Background It has been argued that as smoking prevalence declines in countries, the smokers that remain include higher proportions of those who are unwilling or unable to quit (a process known as ‘hardening’). Smokeless tobacco and e-cigarettes have been promoted as a strategy to deal with such smokers. If hardening is occurring, there would be a positive association between smoking prevalence and quitting, with less quitting at lower prevalence. There would also be a neutral or negative association between prevalence and the number of cigarettes smoked.
Methods We examined US state-level associations using the Tobacco Use Supplement (1992/1993–2010/2011) and Eurobarometer surveys for 31 European countries (2006–2009–2012) using regressions of quit attempts, quit ratios, and number of cigarettes smoked on smoking prevalence over time.

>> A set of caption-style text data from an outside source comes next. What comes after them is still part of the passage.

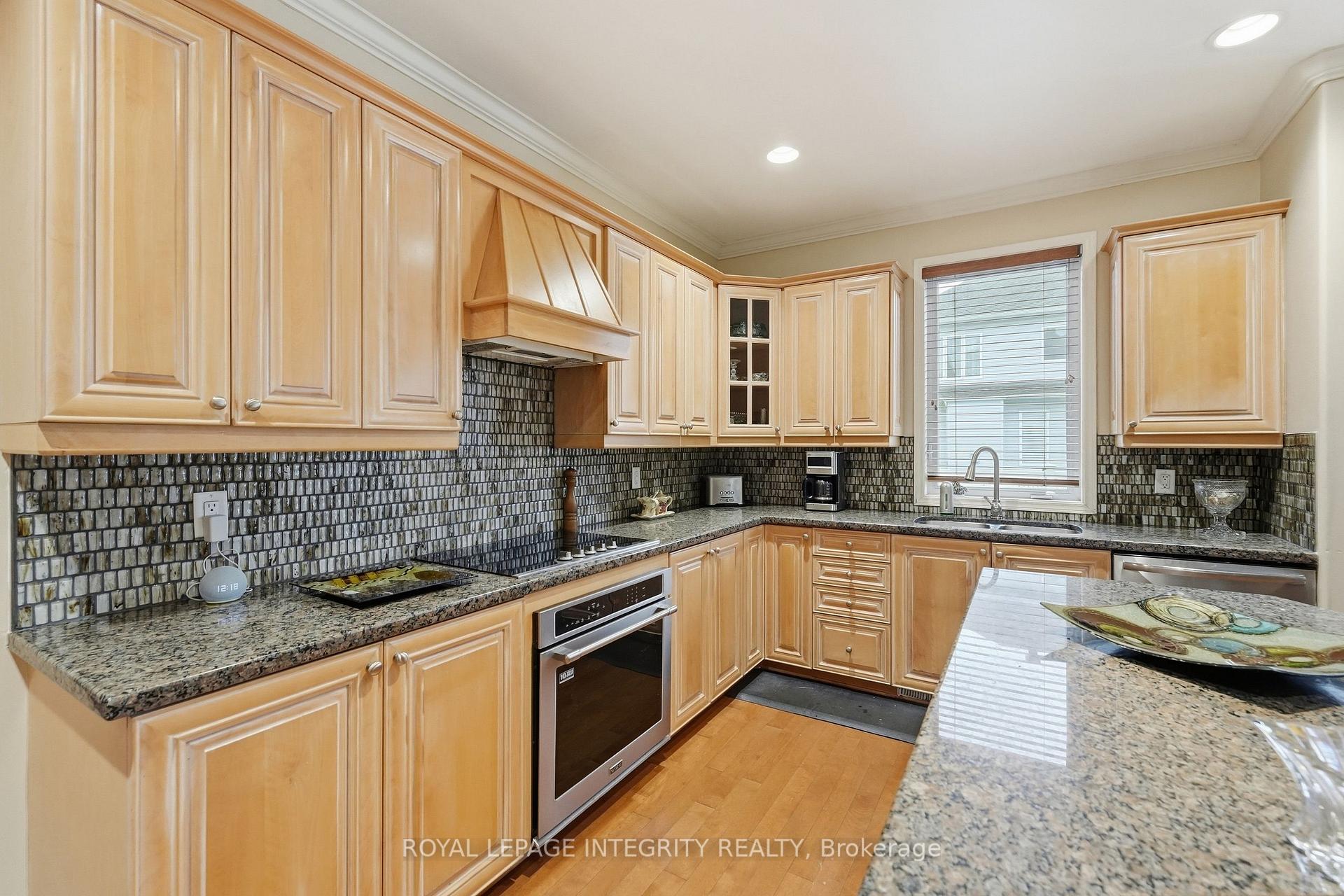 Photo 10 of 2169 Valenceville Crescent, Ottawa, Avalon East — HOMEH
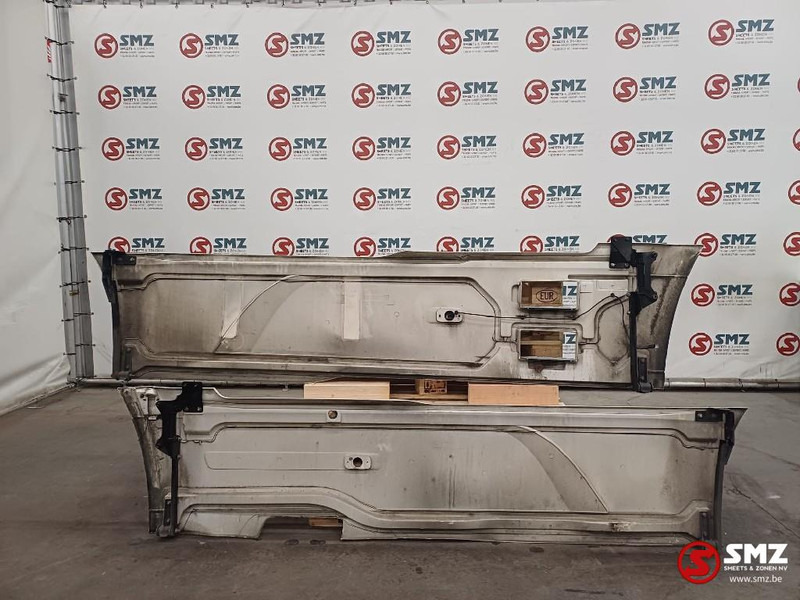 DAF Occ set side skirts L/R DAF - Рама/ Шасси для Грузовиков: фото 2 DAF Occ set side skirts L/R DAF - Рама/ Шасси для Грузовиков: фото 2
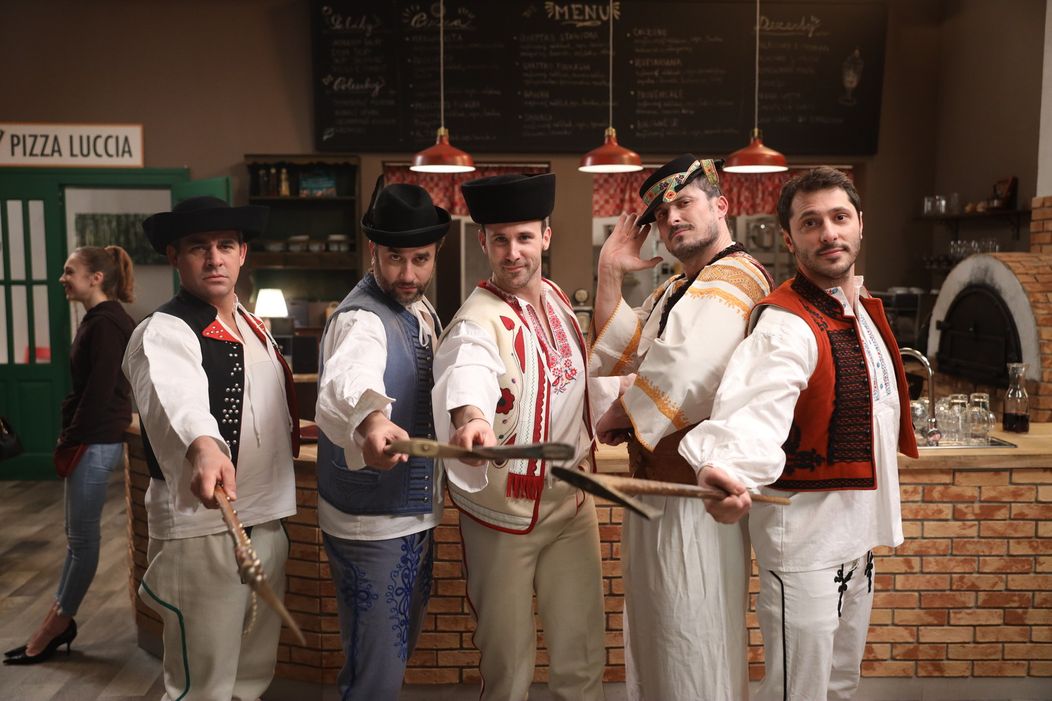 Oteckovia ako folklórni tanečníci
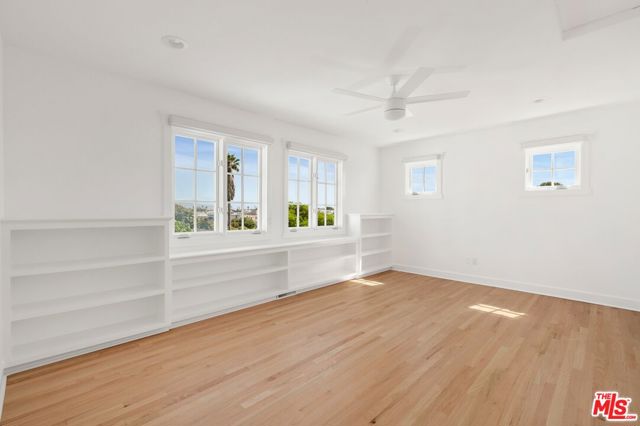 541 Homer Street, Manhattan Beach CA: https://media.crmls.org/mediaz/fbb945c6-70af-42af-9aaf-f8fe0dd89ea8.jpg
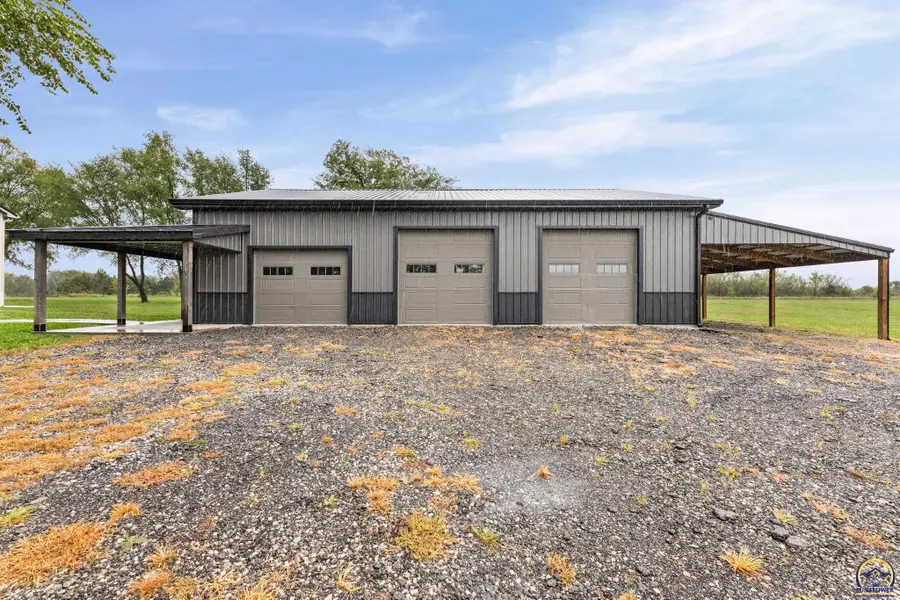 3139 E 293rd St, Melvern, KS 66610 - #3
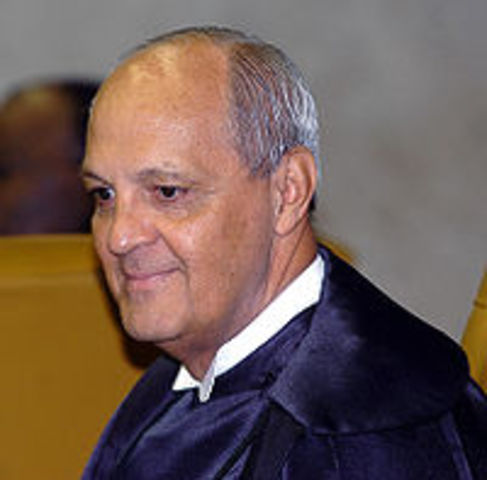 Fatos marcantes - Morte de Carlos Alberto Menezes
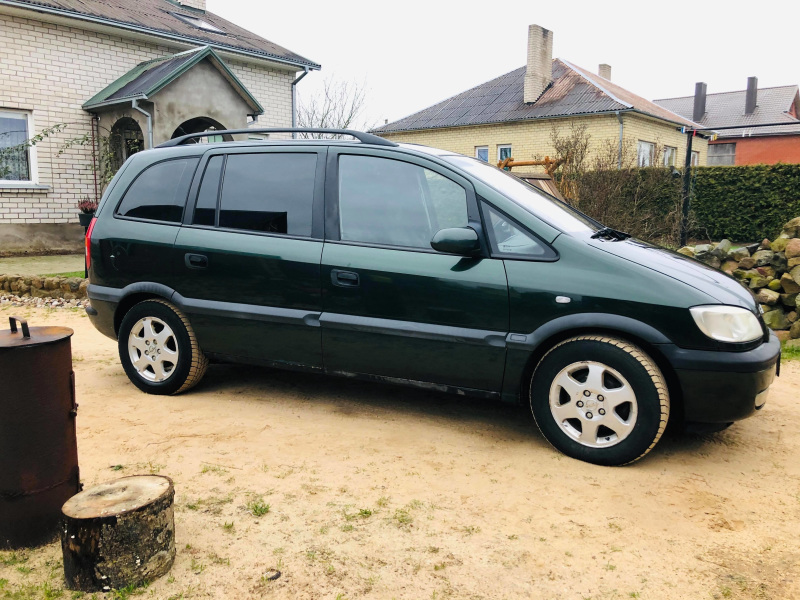 Opel zafira lt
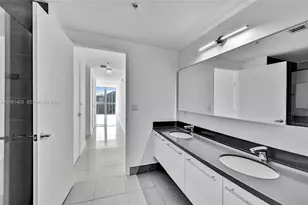 90 SW 3rd St, Miami, FL 33130 - Photo 23
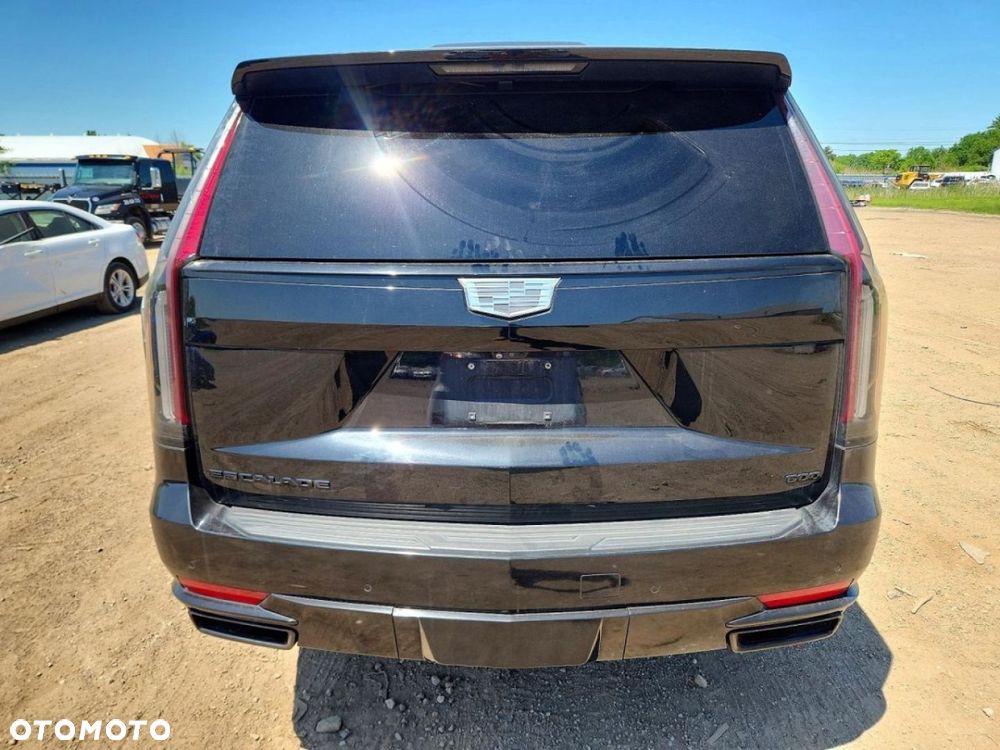Cadillac Escalade - 5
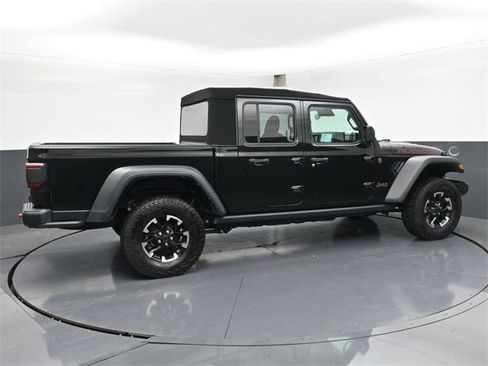 Used 2024 Jeep Gladiator Rubicon w/ Safety Group image 3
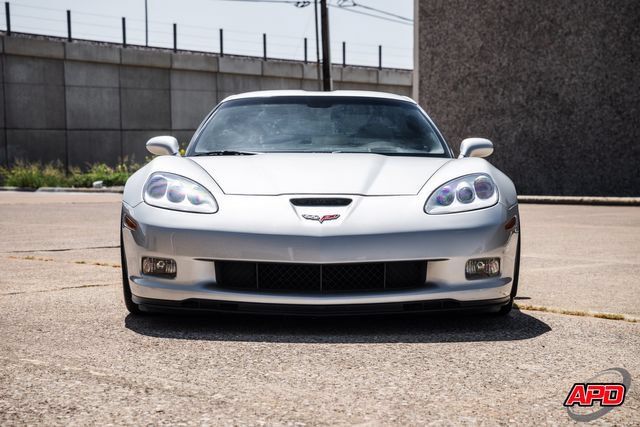 Used 2009 Chevrolet Corvette Z06 w/ Preferred Equipment Group RWD image 16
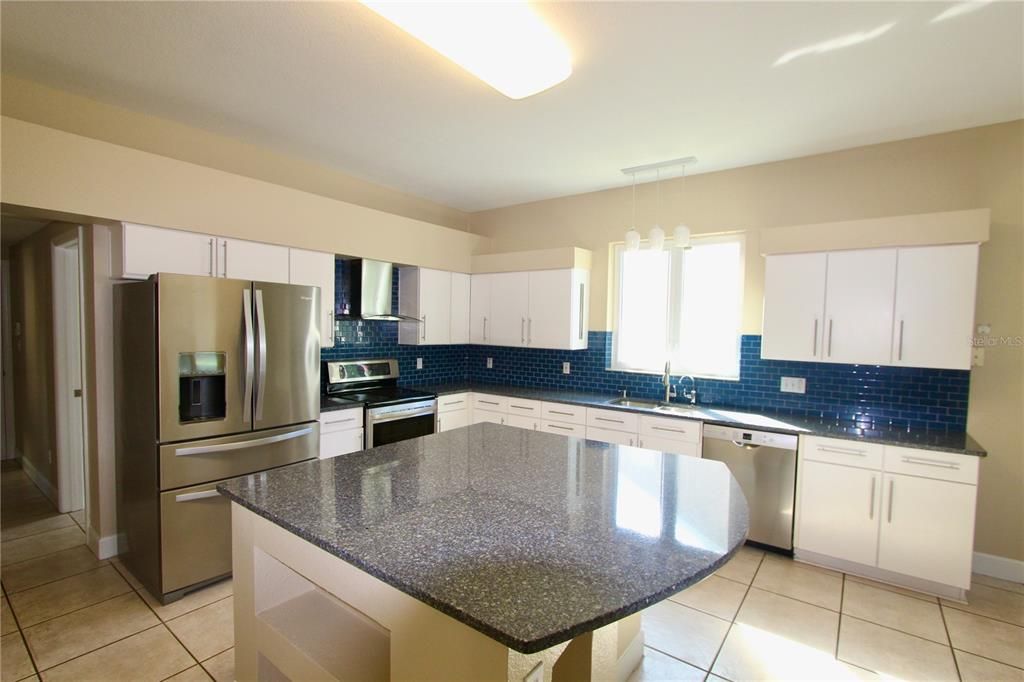 Interior, Kitchen, Pendant Lights, Stainless Steel Appliances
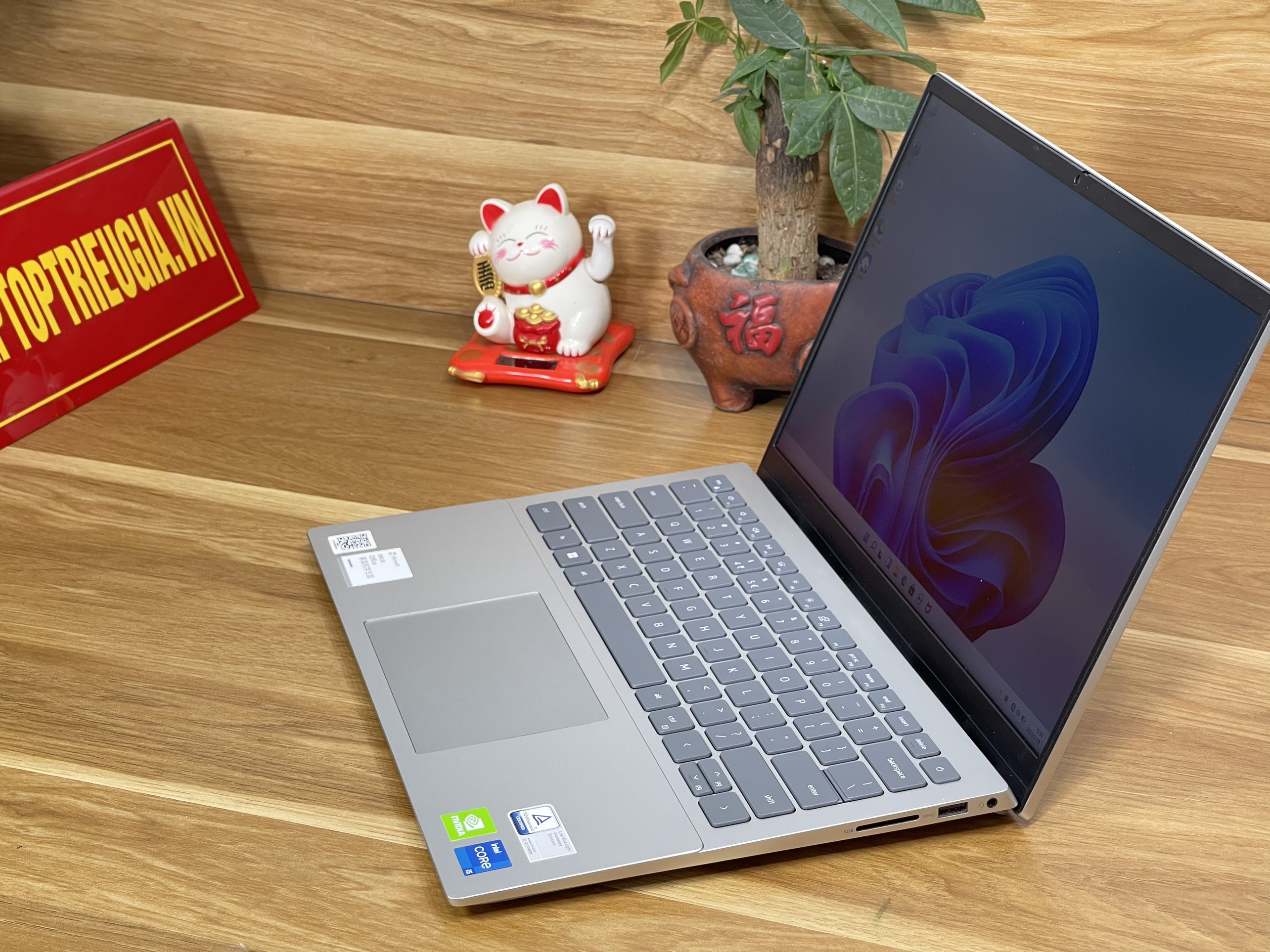 Dell Inspiron 5420: I5-1240P| 16GB| 512GB| MX570| 14 FHD Máy đẹp Likenew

Results For each 1% drop in smoking prevalence, quit attempts increase by 0.55%±.07 (p<0.001) in the USA and remain stable in Europe (p=0.53), US quit ratios increase by 1.13%±0.06 (p<0.001), and consumption drops by 0.32 cig/day±0.02 (p<0.001) in the USA and 0.22 cig/day±0.05 (p<0.001) in Europe. These associations remain stable over time (p>0.24), with significantly lower consumption at any given prevalence level as time passed in the USA (−0.15 (cig/day)/year±0.06, p<0.05).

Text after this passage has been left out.